2012年07月30日(月) パチンコホール会社が香港に上場

 日経(H24.7.30)15面で、パチンコホール運営大手のダイナムジャパンホールディングスが、香港証券取引所に上場するという記事が載っていた。


 その記事の中で、香港上場にあたり、パチンコの景品換金の仕組みの適法性について、日本の弁護士が「違法性はない」とする意見書を提出し、法務関係者に驚きが広がっているとしていた。


 「驚きが広がっている」のは、「『違法性がない』とよく言い切ったなあ」と思うからであろう。


 パチンコの適法性については、賭博罪や風営法の関係など難しい問題を含んでいる。

 
 しかし、社会に完全に根付き、受け入れられているのも事実である。


 そうであれば、特別法を作って適法であることを明らかにしたほうがよいと思うのだが。



2012年07月26日(木) 強姦罪が親告罪でなくなる

 日経(H24.7.26)社会面で、内閣府の男女共同参画会議専門調査会は、強姦罪を被害者の告訴がなくても起訴できる「非親告罪」にするよう提案したという記事が載っていた。

 
 今後、法務省の法制審議会で、法改正に向けた検討を始めることになるそうである。


 現在は、強姦罪は被害者が告訴しなければ起訴できない。その理由として、被害者の名誉やプライバシーを保護するためと言われている。

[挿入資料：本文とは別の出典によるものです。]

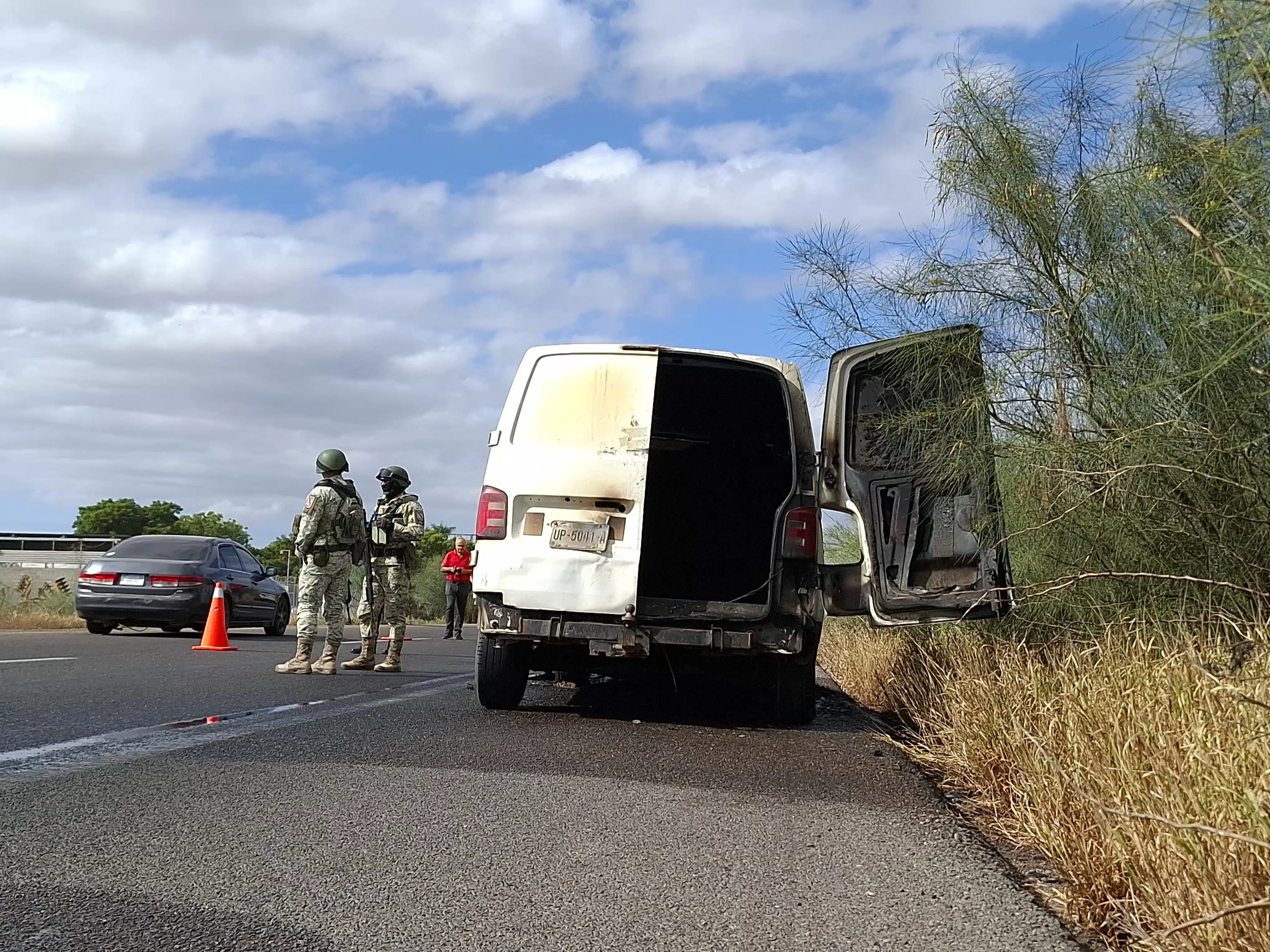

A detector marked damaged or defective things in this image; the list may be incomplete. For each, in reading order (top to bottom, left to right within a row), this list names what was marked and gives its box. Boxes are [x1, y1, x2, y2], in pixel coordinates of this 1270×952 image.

burned van [470, 327, 1011, 721]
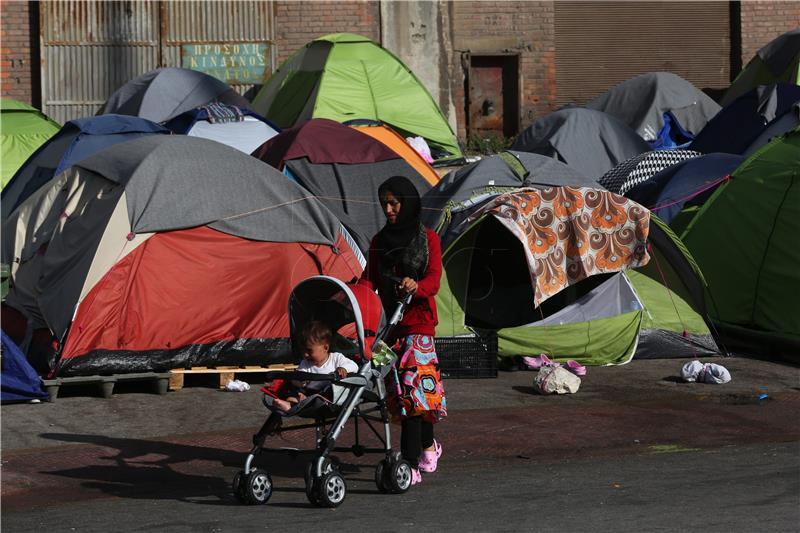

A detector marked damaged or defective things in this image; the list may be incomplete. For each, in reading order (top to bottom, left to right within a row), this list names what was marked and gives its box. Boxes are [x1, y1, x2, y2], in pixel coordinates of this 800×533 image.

rusty metal door [42, 0, 276, 122]
rusty metal door [466, 54, 520, 138]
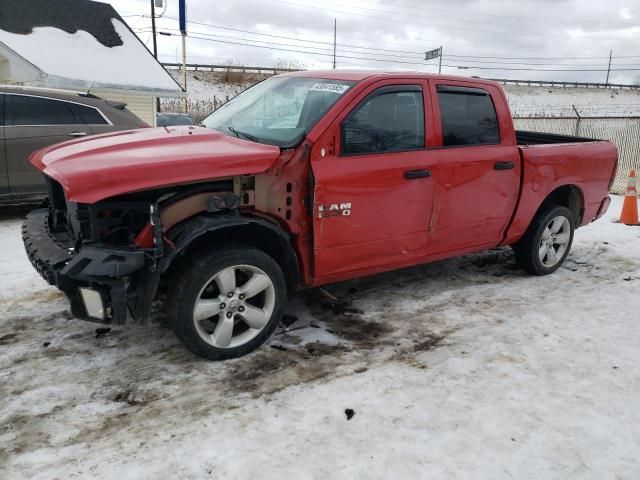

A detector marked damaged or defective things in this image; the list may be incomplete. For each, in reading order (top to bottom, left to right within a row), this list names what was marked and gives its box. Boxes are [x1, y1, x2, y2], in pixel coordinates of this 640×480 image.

damaged front bumper [22, 208, 154, 324]
damaged front end [23, 178, 165, 324]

 しかし、実際問題としては、捜査機関は、被害者が被害届を出さない限り、被害者の意思を尊重して捜査をしないだろう。


 そうすると、親告罪としている合理的理由はあまりないように思う。


 むしろ、親告罪であるため、告訴状がないということが刑事訴訟でときどき問題になる。

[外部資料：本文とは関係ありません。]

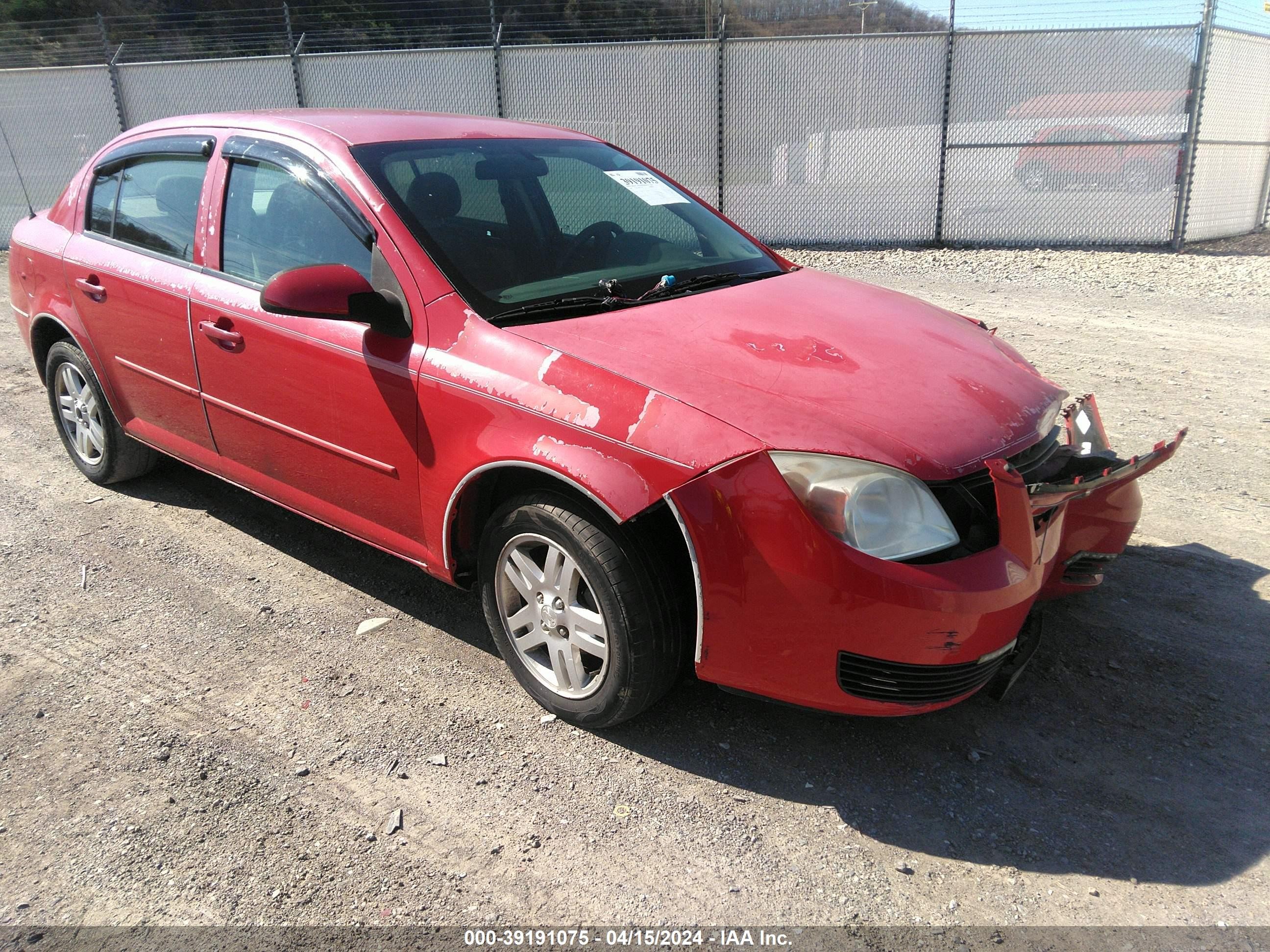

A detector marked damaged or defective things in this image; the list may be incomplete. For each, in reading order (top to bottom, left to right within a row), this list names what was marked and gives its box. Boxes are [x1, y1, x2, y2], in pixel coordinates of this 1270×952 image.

cracked hood [510, 268, 1066, 480]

 例えば、強姦致傷で起訴されたが、強姦だけを認定する場合には、本来であれば告訴状が必要となるが、強姦致傷罪が非親告罪なので、告訴状を取っていないときがある。


 そのような無用な混乱を回避するためにも、親告罪でない方がよいのではないか。



2012年07月25日(水) 相続では税金のことだけでなく、トータルに考えるべき

 日経(H24.7.25)19面で、夫婦の一方が亡くなる「1次相続」が注目されがちだが、税額軽減やトラブル回避の正念場は、残された配偶者が亡くなり、遺産が子供に移る「2次相続」であるという記事が載っていた。
  
 
 記事でも同じことを書いていたが、1次相続の際に、配偶者の減税特例を使うのが常識のようになっているが、それが絶対なのかは常々疑問に思っていた。


 1次相続の際に、ある程度子どもにも相続させた方が、1次相続と2次相続の税金の合計額が安くなる場合もある。


 この点は、税金のシミュレーションをすれば分かることであるのに、1次相続の税額をできるだけ少なくさせるために、その配慮を怠っているケースもあるように思う。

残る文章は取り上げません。